ACTIVITY:
Restate the data below word for word, and let no image into your version.

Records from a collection
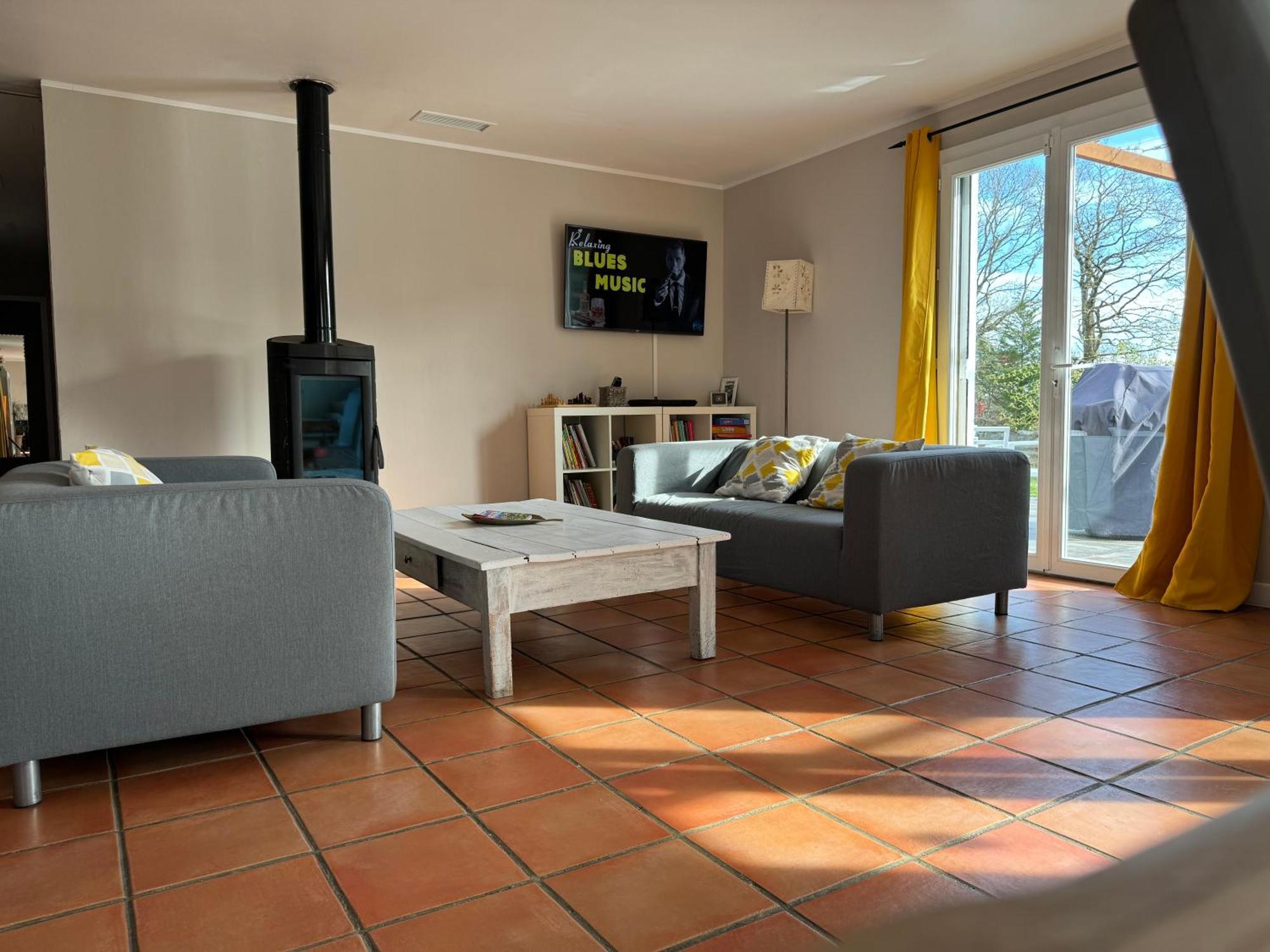 Borie Grande Villa Saint-Denis  Exterior photo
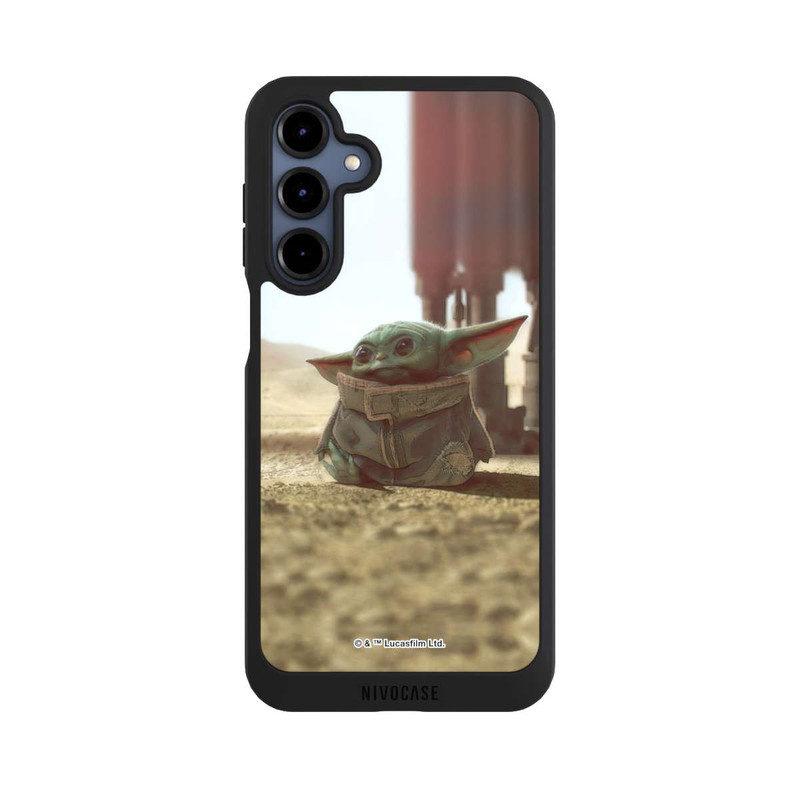 Galaxy A16 5G NIVOpure Star Wars The Child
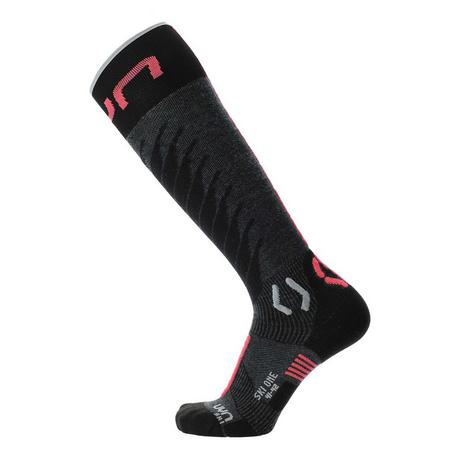 UYN Chaussettes Hautes Stretch 1 Pack  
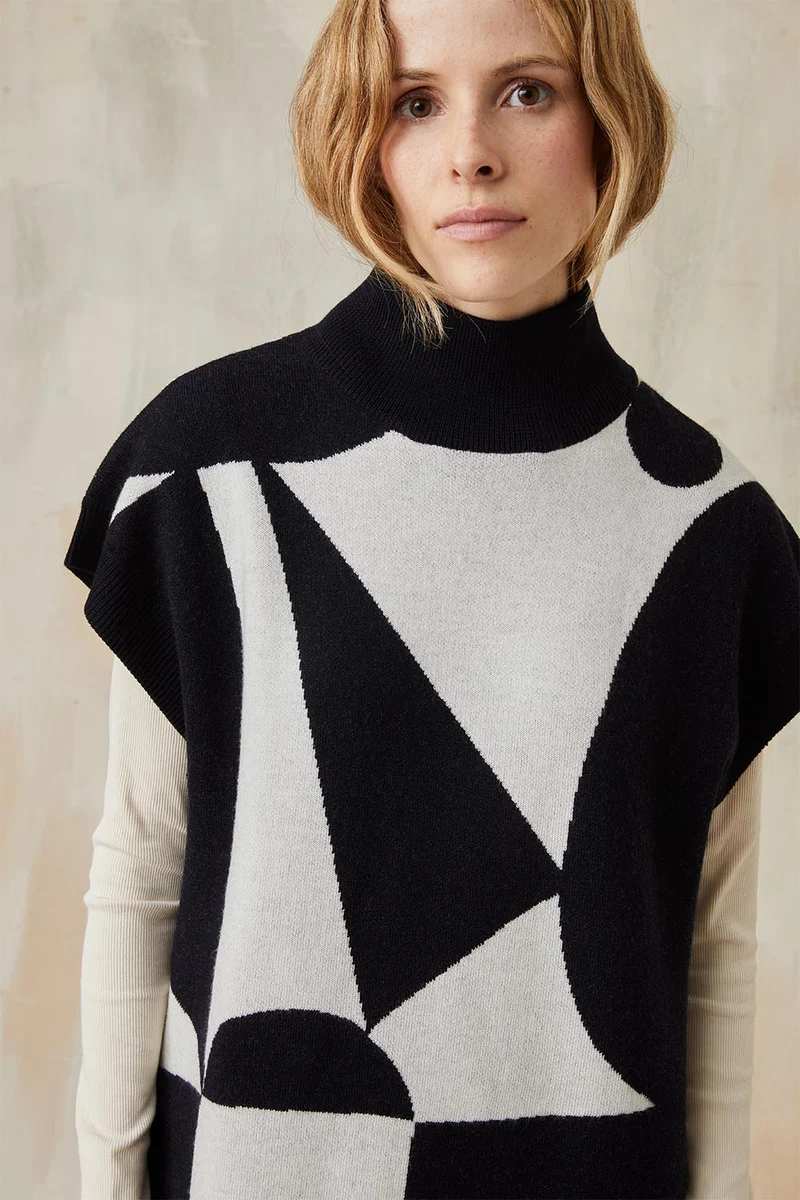 Robe Pull Pablo
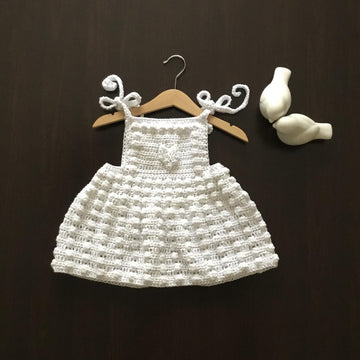 Sweetheart Tie Strap Dress N 654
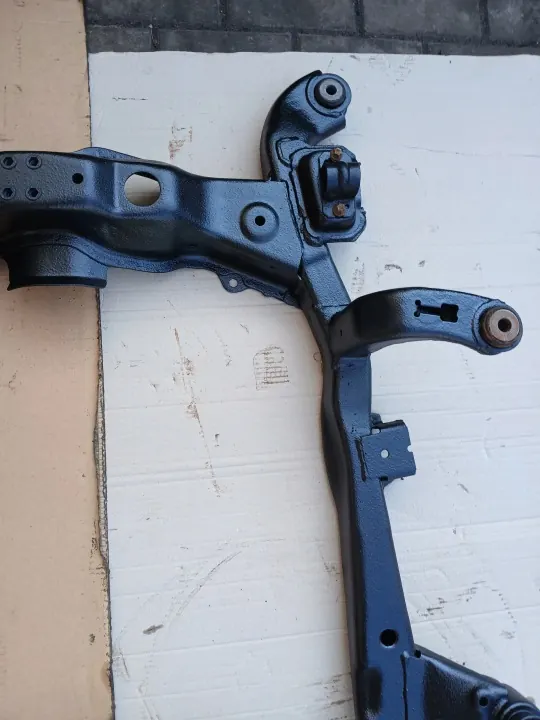 SANKI ŁAWA TRAWERS OEM - Opel Astra G II 97-04 image 10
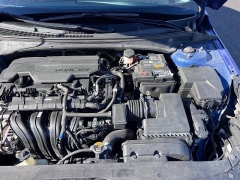 Used 2022  Hyundai Elantra SEL IVT at Leadbelt Auto Sales near Leadington&comma; MO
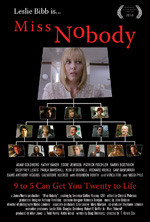 Poster Miss Nobody  n. 1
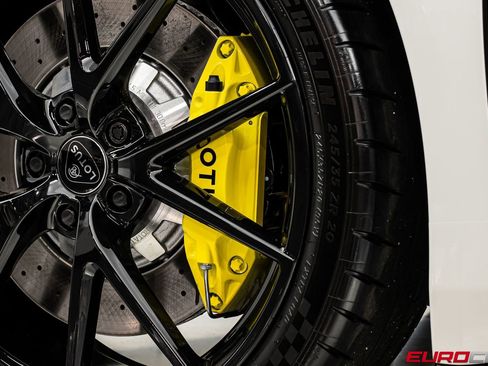 New 2026 Lotus Emira RWD image 25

FINISHED EXERCISE:
 Borie Grande Villa Saint-Denis  Exterior photo
 Galaxy A16 5G NIVOpure Star Wars The Child
 UYN Chaussettes Hautes Stretch 1 Pack  
 Robe Pull Pablo
 Sweetheart Tie Strap Dress N 654
 SANKI ŁAWA TRAWERS OEM - Opel Astra G II 97-04 image 10
 Used 2022  Hyundai Elantra SEL IVT at Leadbelt Auto Sales near Leadington&comma; MO
 Poster Miss Nobody  n. 1
 New 2026 Lotus Emira RWD image 25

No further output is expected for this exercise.